RainerMtb / cuvista

Accelerated Optical Video Stabilizer, Cuda, OpenCL, Avx512
https://rainermtb.github.io/cuvista/
GNU General Public License v3.0
6 stars 1 forks source link

running on linux/ubuntu24.04 #3

Open egoodarzi opened 3 days ago

egoodarzi commented 3 days ago

Hi Rainer, Your project looks awesome! Unfortunately I ran into some issue on startup when I was trying to run it on Ubuntu 24.04 with default compiler toolchain, AMD CPU, Nvidia GPU, Cuda 12.6. Here are some details below, hope you can suggest a workaround of some sorts. Cheers.

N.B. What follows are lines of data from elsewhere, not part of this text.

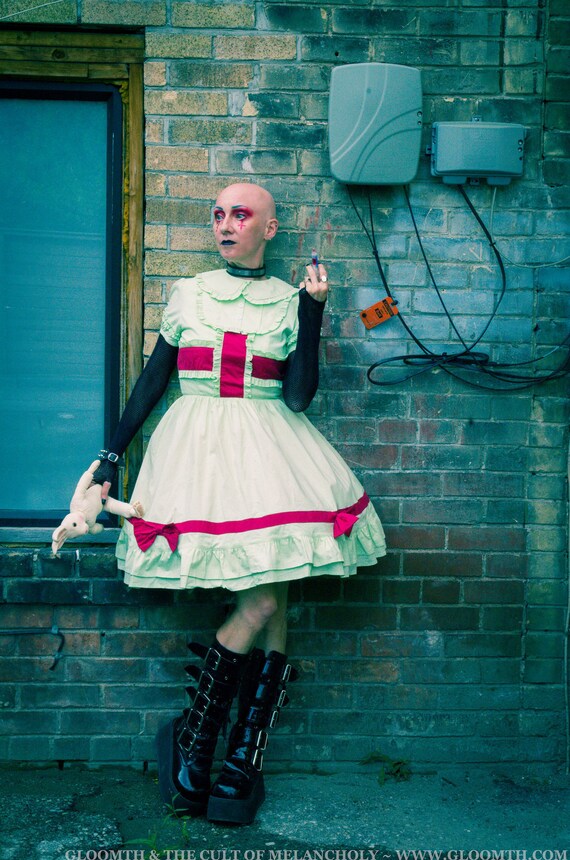 David Jones - Anthea Crawford Jacquard Dress Vn04592 | Jacquard dress, Dresses, Cocktail dresses 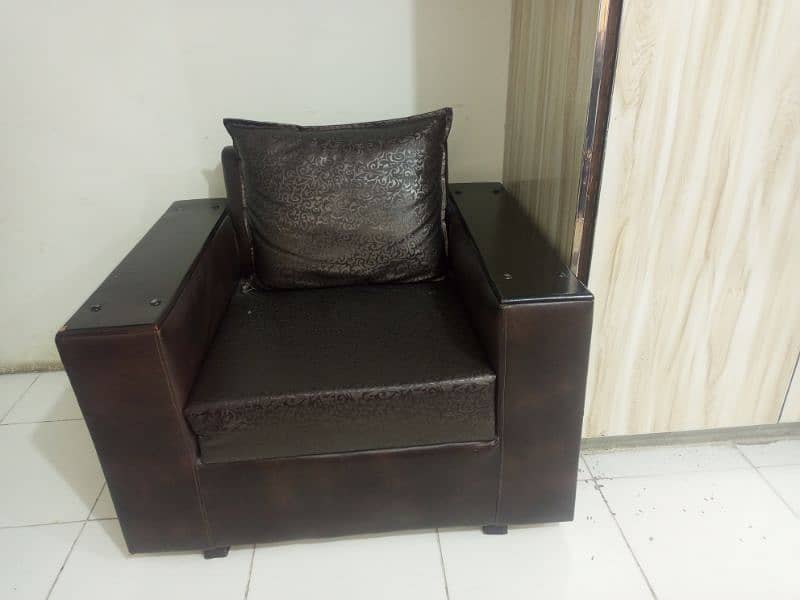 3.2. 1.6 sitter sofa 2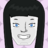 Ilonsemioth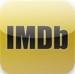 IMDb – Base de données de films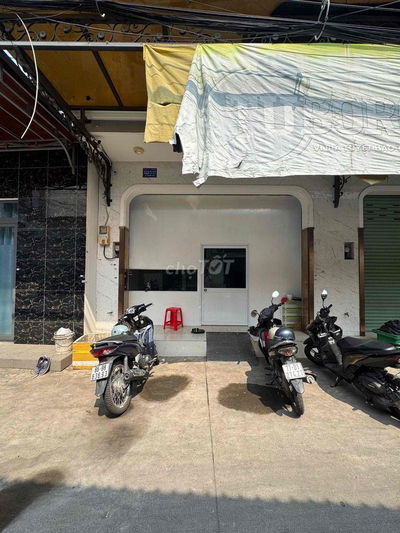 Em Cần Pass Nhà Nguyên Căn Ở Liền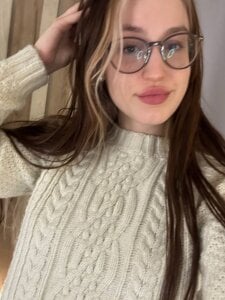 My real vibe ✨ de NicolaHulse Foto 4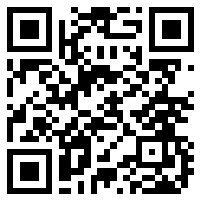 QR Code for 1F5yCyzRu4YLpN9fqBX966LMFGxt1iHk7m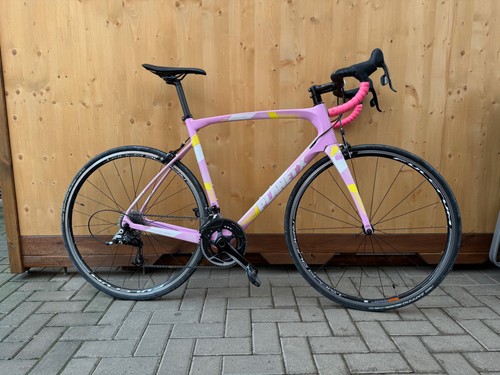 Planet pro carbon - pro,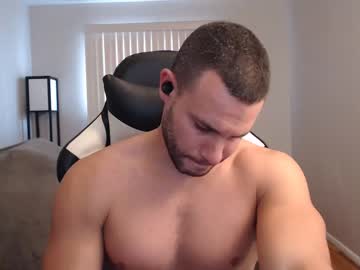 webcam man solidmuscle1992 image #4679191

When application starts it crashes on this line:

//main program start
MainData data;

Disassembly shows this instruction:

vpbroadcastq %rcx,%xmm0

Seems like an issue with avx2? dmesg log:

[Mon Oct 14 22:46:56 2024] traps: cuvista[204770] trap invalid opcode ip:55b63e186213 sp:7ffe421fcc20 error:0 in cuvista[55b63e15a000+17c000]

The processor has support for avx, avx2, but not avx512:

lscpu 
Architecture:             x86_64
  CPU op-mode(s):         32-bit, 64-bit
  Address sizes:          48 bits physical, 48 bits virtual
  Byte Order:             Little Endian
CPU(s):                   64
  On-line CPU(s) list:    0-63
Vendor ID:                AuthenticAMD
  Model name:             AMD Ryzen Threadripper PRO 5975WX 32-Cores
    CPU family:           25
    Model:                8
    Thread(s) per core:   2
    Core(s) per socket:   32
    Socket(s):            1
    Stepping:             2
    Frequency boost:      enabled
    CPU(s) scaling MHz:   29%
    CPU max MHz:          7006.6401
    CPU min MHz:          1800.0000
    BogoMIPS:             7186.15
    Flags:                fpu vme de pse tsc msr pae mce cx8 apic sep mtrr pge mca cmov pat pse36 clflush mmx fxsr sse sse2 ht
                           syscall nx mmxext fxsr_opt pdpe1gb rdtscp lm constant_tsc rep_good nopl nonstop_tsc cpuid extd_apic
                          id aperfmperf rapl pni pclmulqdq monitor ssse3 fma cx16 pcid sse4_1 sse4_2 x2apic movbe popcnt aes x
                          save avx f16c rdrand lahf_lm cmp_legacy svm extapic cr8_legacy abm sse4a misalignsse 3dnowprefetch o
                          svw ibs skinit wdt tce topoext perfctr_core perfctr_nb bpext perfctr_llc mwaitx cpb cat_l3 cdp_l3 hw
                          _pstate ssbd mba ibrs ibpb stibp vmmcall fsgsbase bmi1 avx2 smep bmi2 erms invpcid cqm rdt_a rdseed 
                          adx smap clflushopt clwb sha_ni xsaveopt xsavec xgetbv1 xsaves cqm_llc cqm_occup_llc cqm_mbm_total c
                          qm_mbm_local user_shstk clzero irperf xsaveerptr rdpru wbnoinvd amd_ppin brs arat npt lbrv svm_lock 
                          nrip_save tsc_scale vmcb_clean flushbyasid decodeassists pausefilter pfthreshold avic v_vmsave_vmloa
                          d vgif v_spec_ctrl umip pku ospke vaes vpclmulqdq rdpid overflow_recov succor smca fsrm debug_swap

Any suggestions would be appreciated.

RainerMtb commented 3 days ago

Indeed, there is a problem with avx code that gets executed on machines without AVX512, I will have a look there. Can you test the repo as it was on 16. Aug. 2024, I think you should be able to get that state via git checkout a7fdcc1 then compile and run that code. Run cuvista -info to see available devices.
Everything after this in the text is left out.